Unfortunately, this uniformity can be counterproductive in the business world. But people keep writing that way because it feels safe. Writing what you really feel, and expressing who you are, opens you up for rejection.
It also gets you more business in the long run, because people prefer doing business with those they know, like and trust. By showing your human side, you invite people to get to know you better, and to take a vested interest in your success.
How To Find Your Voice
How do you find your real voice? I asked a group of professional writers how they did it, and got a variety of responses:
“Your voice is always there, though beginning writers tend to sublimate it. They work hard to sound authoritative or hip, but voice isn’t like that at all; voice is natural. …You ‘find’ your voice by becoming comfortable in your own skin first as a person and then as a writer. Writers, even news writers, begin showing their own unique voices the longer and the more often they write. They become comfortable enough to be who they are, never in a show-off, look-at-me way but as someone letting the reader share time with them.” –Holly Ocasio Rizzo
“Mostly I just loosened up and told the story in a conversational tone, the way I wanted to write it. My voice came through.” –Dan Ferber
“I struggled with voice because I didn’t trust mine. Once I started ‘talking to the page,’ literally, it all came together. I really do write the way I talk.” –Andrea Collier
“Writing columns, first for a newspaper then for a wire service, helped me find my voice, because I had a chance to be more creative than I could be in a run-of-the-mill news story or even a feature. More recently, blogging has definitely helped – I love it when I get feedback from readers who know me and say ‘That sounds just like you.’” –Michelle Rafter
“Voice starts to come out paradoxically as you make telling the story more important than your writing. Focus on what you have to communicate and your voice starts to slip out. The more you wrestle with story and topic, the more you subconsciously bring all the cultural, educational, and psychological tools you have to get across ideas in ways that you feel are genuine.” –Erik Sherman
Permission To Write Badly
For some people, just allowing themselves to write badly is enough to give them a panic attack. In fact, many writers struggle with this.
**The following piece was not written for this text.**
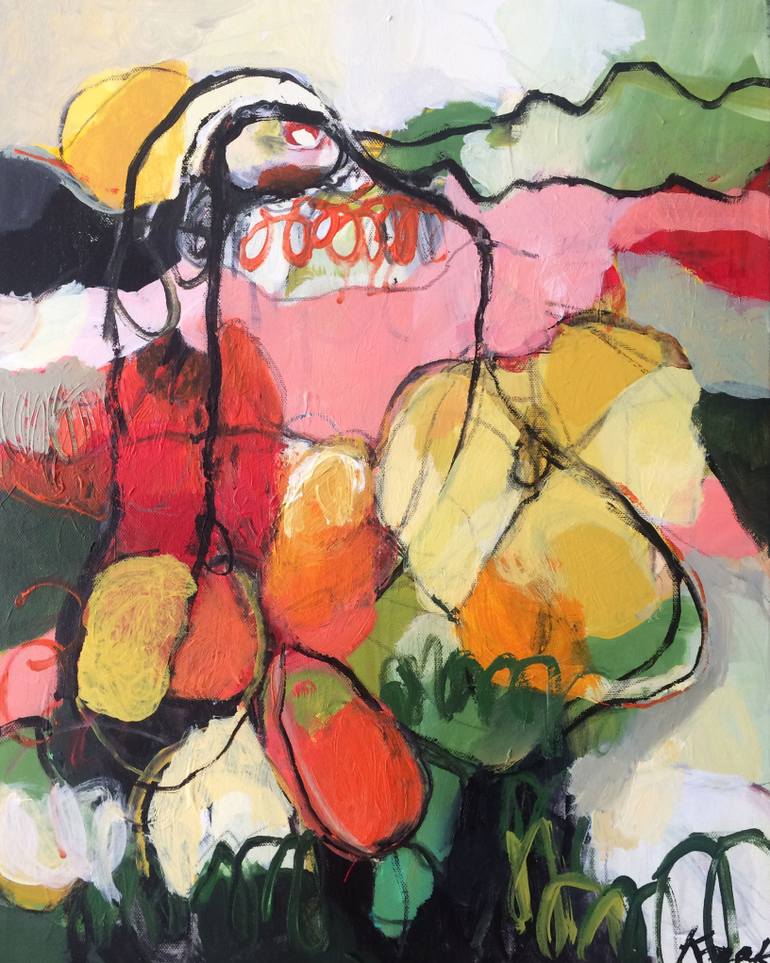 770x963 Saatchi Art Flower Girl Painting By Magdalena Krzak - Flower Child Painting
Natalie Goldberg writes in cheap spiral bound notebooks, saying it helps her take her work less seriously. Writing coach Brenda Ueland once forced students out of their paralysis by making them write as bad a story as they possibly could. Other writers — Norman Mailer, Ernest Hemmingway, and Graham Greene among them — use word quotas to move their focus from quality to quantity.
Ralph Keyes’ book, The Courage To Write: How Writers Transcend Fear is a helpful resource for anyone who feels anxious about writing. In it, Keyes writes:
“All working writers devise their own program for keeping fear at bay. Although writing nerves never vanish, they do become more manageable over time.”
“No magic strategy exists that will turn an anxious novice into a self-assured veteran. Since courage points vary so much from writer to writer, there is no one-size-fits-all program to recommend. Developing writing courage involves learning about one’s working style and how it’s best manipulated.”
Telling Your Story
Another great way to find your voice is to start telling your own story. For one thing, no one knows your own life better than you. You’ll probably find your story plays an important role in your written marketing materials, too: from your elevator speech to your personal biography, your story is a huge part of your personal brand.
As you answer these questions, pretend you’re writing to a close friend. Feel free to joke around, curse, get off-topic, or do whatever feels most natural and authentic to you.
Then, put your writing away for a few days. This is an important part of the process, because having distance gives you a fresh perspective on what you’ve written. When you finally revisit your writing, you’ll probably find some interesting anecdotes that you can work into future copywriting projects.
· What three childhood experiences most affected who you are today?
· How did you arrive at your current job, and what do you love about it?
· What education, training and/or unique experience do you have?
· What would you or your friends say are your personality strengths?
· How do you use these strengths in your current job?
· What sets you apart from the competition?
· What are your biggest dreams, goals and aspirations?
· What’s the biggest challenge you’ve faced in your lifetime, and how has it made you a better person?
· What three accomplishments are you most proud of, and why?
· How do you make a difference in people’s lives?
How do YOU find your own voice — and how do you know when you’ve found it?